Reproducing results is an important part of research, and an awesome way to really learn how something works! Pick any of the systems we learn about in the course and implement your own version of it. Then try to reproduce their results! You may wish to simplify some aspects of the system to make the reproduction practical within the time available.
K9db offers privacy compliance by construction for database-backed web applications. However, the system has some limitations: it stores duplicate copies of jointly-owned records, it only supports relational databases, and can only delete all of a user's data on request (rather than selected subsets of it). You can make it better!
- Investigate an alternative design to K9db that does not create duplicate copies for records that are jointly owned, e.g., using wrapped encryption keys.

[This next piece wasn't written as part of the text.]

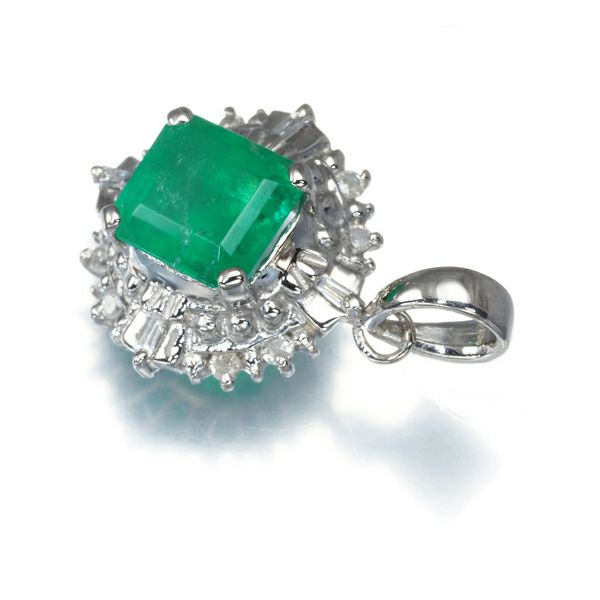 エメラルド 1.09ct ダイヤ 0.12ct クラシック ペンダントトップ Pt900 ソーティング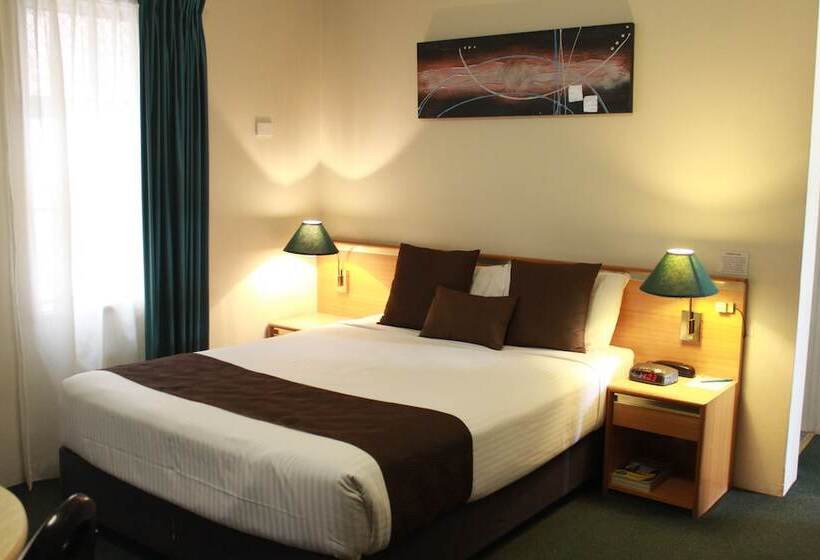 패밀리 룸, Mid City Motor Inn Singleton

- Define an extended version of K9db’s DOG that specifies ownership for data stored in multiple data stores (e.g., relational databases, key value stores, distributed filesystems and blob stores), and implement mechanisms for account deletion and retrieval to comply with GDPR.

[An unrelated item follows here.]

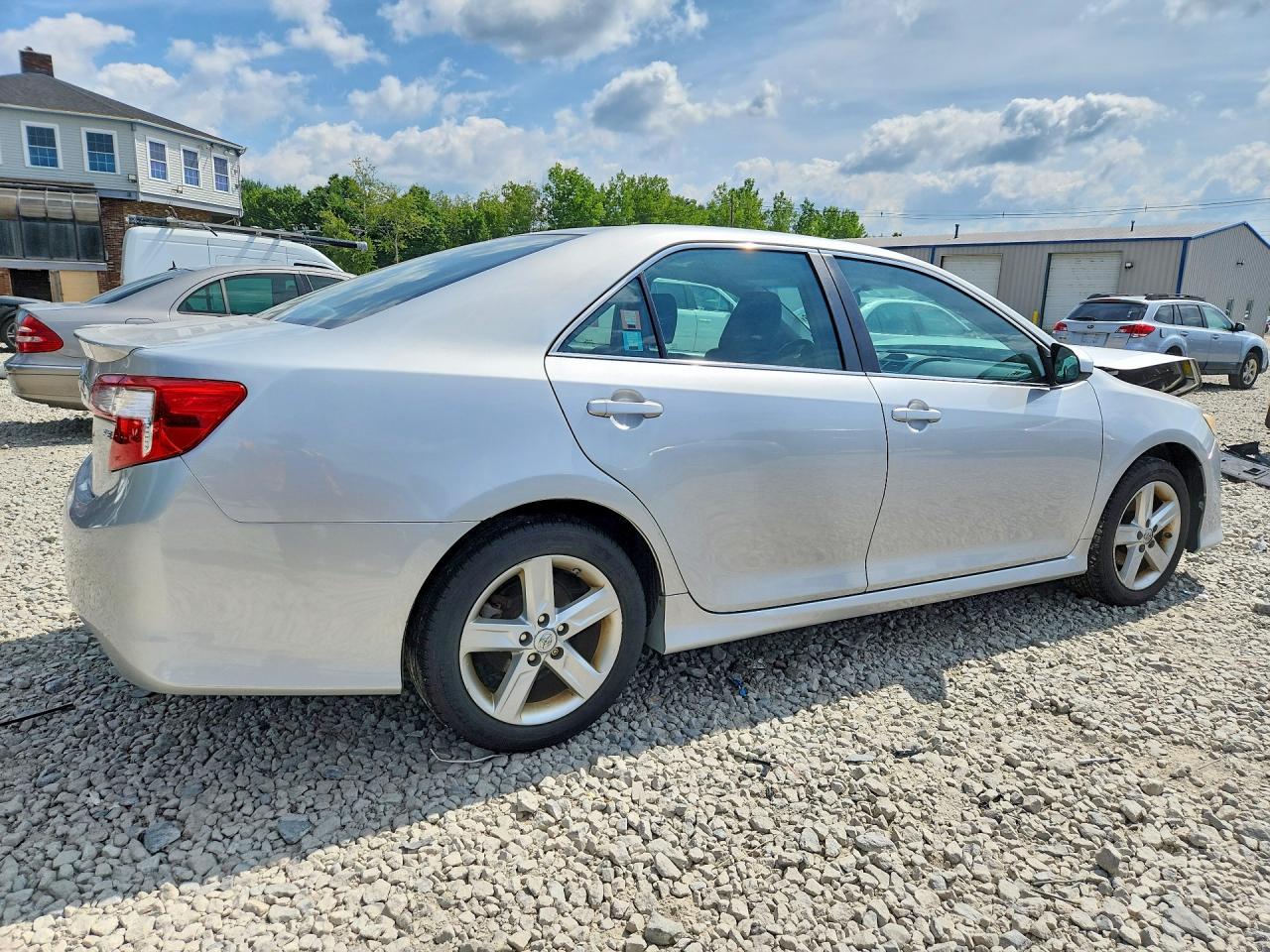 2013 Toyota Camry Se - zdjęcie 3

- Extend K9db to support account and data recycling, by setting a time-to-live for pieces of data, and automatic deleting unused data that exceeds that threshold.
This project entails extending K9db's open-source implementation. Familiarity with C++ is very helpful, and some familiarity with the internals of a database is advantageous.
Alomhomora is a current research project in the ETOS group. It provides a Rust framework for writing web applications that helps developers write privacy-compliant code. Developers today lack practical tooling to check whether their code abides by the privacy policies, which leads to undetected violations. Remembering what policy applies to data and performing the appropriate checks adds a significant cognitive overhead to the development process. Developers therefore need small and clear regions of privacy-critical code to focus their attention on and automatic guarantees for the remaining codebase.
In Alohomora, privacy-sensitive data gets wrapped into policy-enhanced container types (à la Resin), and is protected by Rust's type system guarantees unless the application externalizes the data (e.g., sending it over an HTTP RPC), combines it with other data (e.g., aggregating across users), or modifies it. Alohomora uses a combination of static analysis, sandboxing, and human review to increase the likelihood that operations over sensitive data are correct.
As an early-stage project, Alohomora has plenty of potential for extension. Here are some ideas:
- Create privacy policies for an existing web application and enforce it using Alohomora.
- Create a small domain-specific language (DSL) for formally expressing privacy policies, and a mechanism for verifying that a small-to-medium Rust function respects it using automated theorem provers (e.g., Z3) or proof-assistants.
- Extend K9db to track user policies, and retrieve and aggregate these policies when corresponding data is queried from an Alohomora application.
- Create lightweight runtime protections for Python applications to ensure that applications meet their privacy policies, and identify any privacy critical code sections where the lightweight protections are insufficient and need to be augmented with manual or more expensive approaches.
This project will require you to learn Rust, but allows you to engage more closely with some of the key concepts we cover in the course. Familiarity with database-backed web applications is helpful.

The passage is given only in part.